To keep consumers satisfied, food processors – and their beverage counterparts – must continually innovate.
But they do so in an environment of growing regulatory burden, changing consumer preferences, and pressure to manage costs and effectively price products.1,2,3
Advancements in artificial intelligence (AI) and data analytics promise to help in areas from food safety and regulatory compliance to product innovation and margin expansion. The key is to integrate laboratories – R&D, testing, and quality assurance and quality control (QA/QC) manufacturing – into the enterprise’s overall digital ecosystem, enabling leaders to make better, faster decisions based on AI-fueled insights.
Food processing companies that deploy a single laboratory informatics platform to meet the needs of both research and manufacturing are in a better position to leverage AI, machine learning, and predictive analytics than those using siloed solutions. Frost & Sullivan, in its independent 2023 Frost Radar for Laboratory Information Management Systems report, argued that “the full potential of an ELN (electronic lab notebook) or LIMS (laboratory information management system) cannot be realized when used in isolation”.4 It advocated for a platform approach, including advanced analytics.

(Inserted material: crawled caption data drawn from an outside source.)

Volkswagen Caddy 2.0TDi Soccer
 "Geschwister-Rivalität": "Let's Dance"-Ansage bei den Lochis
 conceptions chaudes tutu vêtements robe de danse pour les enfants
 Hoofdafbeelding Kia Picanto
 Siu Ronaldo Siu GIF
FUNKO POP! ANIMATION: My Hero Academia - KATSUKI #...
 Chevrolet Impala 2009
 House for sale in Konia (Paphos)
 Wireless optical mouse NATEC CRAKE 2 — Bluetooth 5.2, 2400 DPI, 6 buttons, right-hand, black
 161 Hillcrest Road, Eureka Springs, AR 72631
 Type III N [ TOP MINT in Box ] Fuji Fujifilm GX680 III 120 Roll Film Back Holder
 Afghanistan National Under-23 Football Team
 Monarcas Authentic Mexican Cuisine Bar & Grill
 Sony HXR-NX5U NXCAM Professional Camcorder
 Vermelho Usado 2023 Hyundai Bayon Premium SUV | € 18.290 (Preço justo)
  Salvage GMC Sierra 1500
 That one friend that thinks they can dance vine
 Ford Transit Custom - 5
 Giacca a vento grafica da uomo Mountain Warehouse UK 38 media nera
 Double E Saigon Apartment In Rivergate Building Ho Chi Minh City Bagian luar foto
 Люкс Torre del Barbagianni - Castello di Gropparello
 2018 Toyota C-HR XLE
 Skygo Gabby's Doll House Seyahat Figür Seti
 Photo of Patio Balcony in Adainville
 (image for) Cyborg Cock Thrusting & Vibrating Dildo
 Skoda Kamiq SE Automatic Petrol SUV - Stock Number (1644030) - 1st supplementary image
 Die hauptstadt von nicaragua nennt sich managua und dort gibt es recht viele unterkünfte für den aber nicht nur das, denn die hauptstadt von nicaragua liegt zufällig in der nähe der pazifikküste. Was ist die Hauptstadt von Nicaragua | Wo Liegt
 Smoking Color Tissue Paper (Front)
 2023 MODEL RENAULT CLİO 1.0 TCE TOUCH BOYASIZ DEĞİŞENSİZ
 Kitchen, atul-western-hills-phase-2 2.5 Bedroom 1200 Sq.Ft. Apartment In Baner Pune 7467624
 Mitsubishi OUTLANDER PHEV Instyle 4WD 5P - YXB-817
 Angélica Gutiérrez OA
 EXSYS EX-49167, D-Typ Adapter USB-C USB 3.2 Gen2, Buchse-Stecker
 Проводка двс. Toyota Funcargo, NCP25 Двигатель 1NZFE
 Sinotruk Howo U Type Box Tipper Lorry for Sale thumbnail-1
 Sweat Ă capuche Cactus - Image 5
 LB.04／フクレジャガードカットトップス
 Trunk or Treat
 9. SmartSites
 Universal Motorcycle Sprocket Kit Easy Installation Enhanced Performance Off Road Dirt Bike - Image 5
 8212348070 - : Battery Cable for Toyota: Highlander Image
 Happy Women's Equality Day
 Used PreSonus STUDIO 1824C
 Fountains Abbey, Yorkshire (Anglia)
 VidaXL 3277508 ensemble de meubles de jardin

A comprehensive laboratory informatics platform serving the enterprise allows organizations to harmonize and standardize data fed into its data lake. This could include a flexible, agile ELN for researchers; a laboratory execution system (LES) to enforce manufacturing SOPs; a scientific data management system (SDMS) to automate data capture in a connected lab; and a LIMS as the backbone of data and sample management.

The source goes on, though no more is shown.